Maja's world is filled with drama. Her parents, both highly educated academics, are exiles from Castro's Cuba who embrace London as a place for second chances, but cling to their Spanish and African roots. Her young mother is highly religious and blends Catholicism with Santeria (an African-Cuban religion), while her elderly father is seemingly an atheist. Thus, there is no surprise when her parents clash over religion and their disagreement lasts through the majority of the book. Her best friend, Amy Eleni, is a white lesbian who faces challenges dealing with her sexuality. Maja also deals with her unplanned pregnancy, her burgeoning singing career, her bohemian, film-maker boyfriend and a younger brother who is struggling to come of age as a black man in a Westernized London.
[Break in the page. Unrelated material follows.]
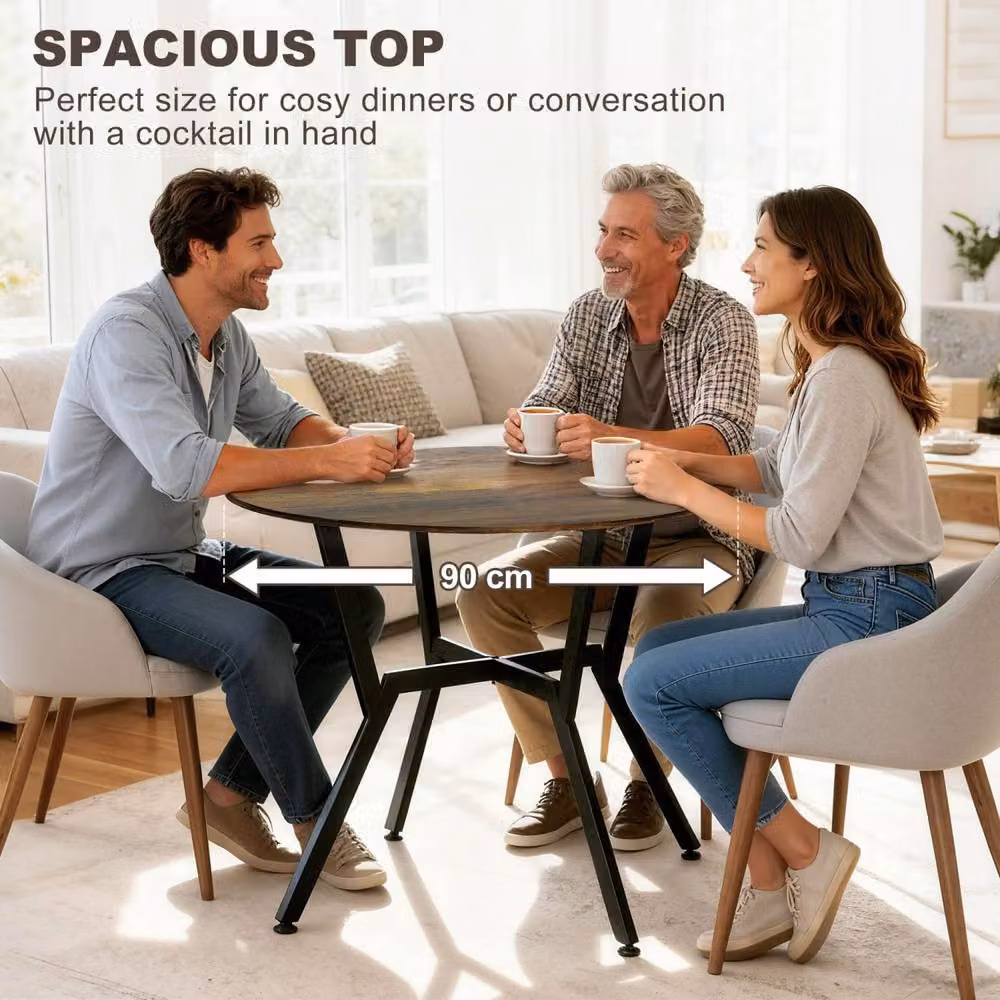 Wyld Haus Molu Round Dining Table in Rustic Brown with Black Metal Legs, Diameter: 90 cm – 6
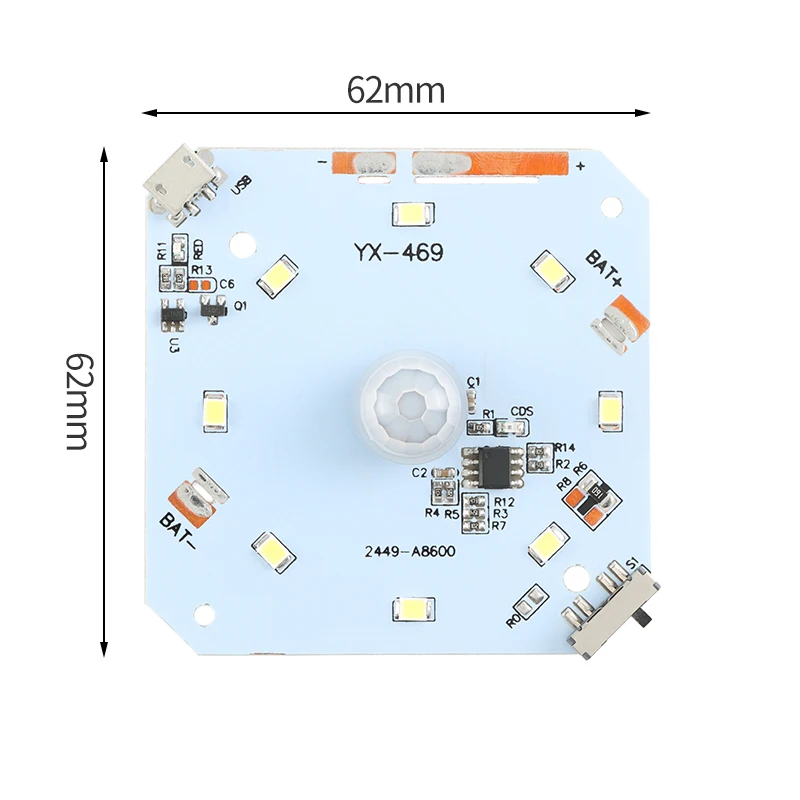 5pcs/1pc PIR Sensor Detector Smart Switch Night light board integrated lamp board control board circuit board 3.7V USB Charging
Oyeyemi writes angst into Maja's character with a longing for Cuba and her ancestors there. There was an attempt to draw parallels between the London-based Maja and the Lagos-based Aya; the Amy in Maja's world and an Ami in Aya's world -- but the symbolisms and allegories were quickly lost with this reader. It got to a point (midway in the novel) where I felt I needed to reread passages for clarity and understanding, but at that point, I could really care less about the characters and persevered through the narrative just to get through the story.

Honestly, if this were not a review book, I doubt if I would have had the interest and patience to finish the book. The author's writing style requires great patience on the reader's part and I found myself growing weary with the scene changes and the transitions from "reality" to the mystical "opposite" world where the story is carried in lyrical, symbolic prose (that I struggled to decipher). Initially, I was interested in Maja's world, but it quickly waned about a quarter into the book when the plot seemed to fizzle. I also really tried to connect with Aya's story, but failed miserably. The other characters (save Amy Eleni) offered nothing solid to support the plot or move the story forward. At the end of the novel, I felt no closure and was scratching my head and wondering what I had just read.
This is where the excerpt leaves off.